▶ [Directions]:
Once you reach the line with "Earbuds, White", copy it and every line after it exactly, up to the end of the data. Omit the pictures.

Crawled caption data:
= Beginning of Section =

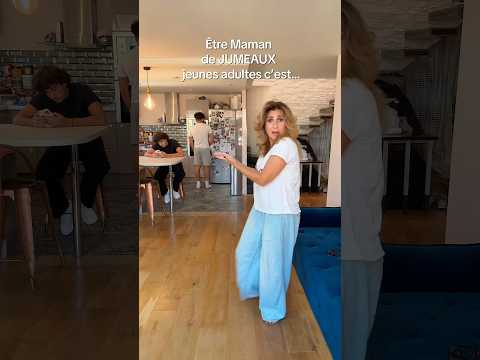 Vous aussi vos enfants font ça 🕺?(IG:@raphaellelamaman)(TT:@raphaellelamaman)#humour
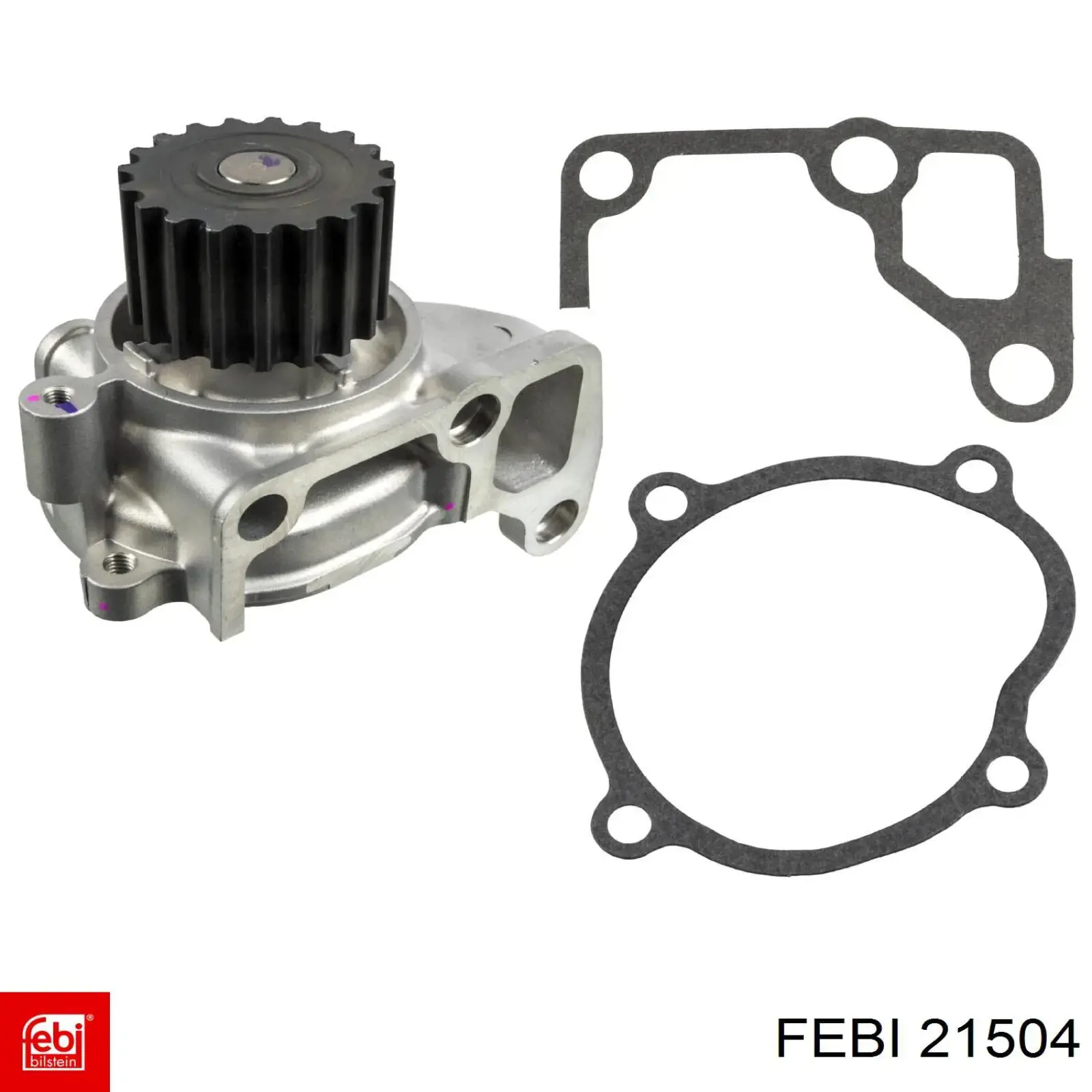 Рокер клапана Febi 21504 цена, от 9.56 USD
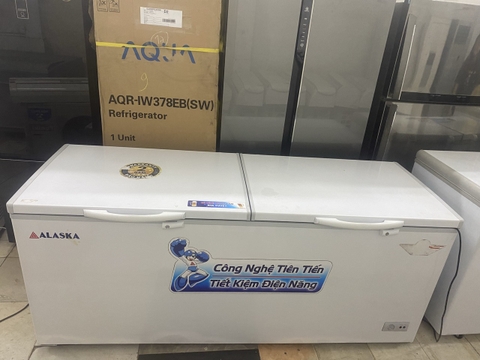Tủ đông Alaska 1000 lít, mới 90%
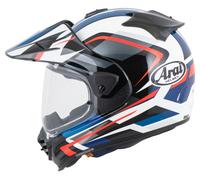 Arai Tour-X5 Discovery, Casco de enduro S male Negro/Blanco/Azul/Rojo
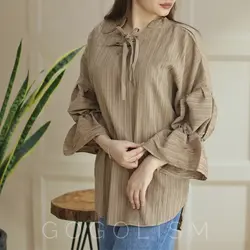 شومیز کراواتی کراش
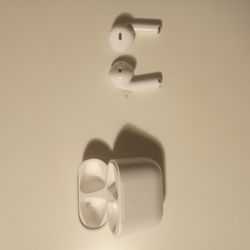 Earbuds, White 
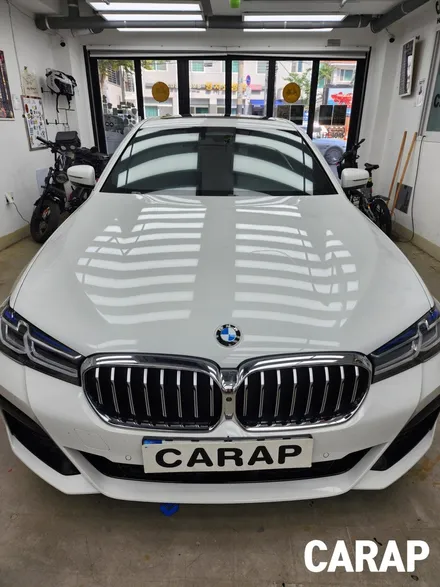 [성북구 랩핑]bmw 530i 크롬죽이기 크롬딜리트 시공 / 중랑구 면목동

= End of Section =

▶ [Exercise output]:
 Earbuds, White 
 [성북구 랩핑]bmw 530i 크롬죽이기 크롬딜리트 시공 / 중랑구 면목동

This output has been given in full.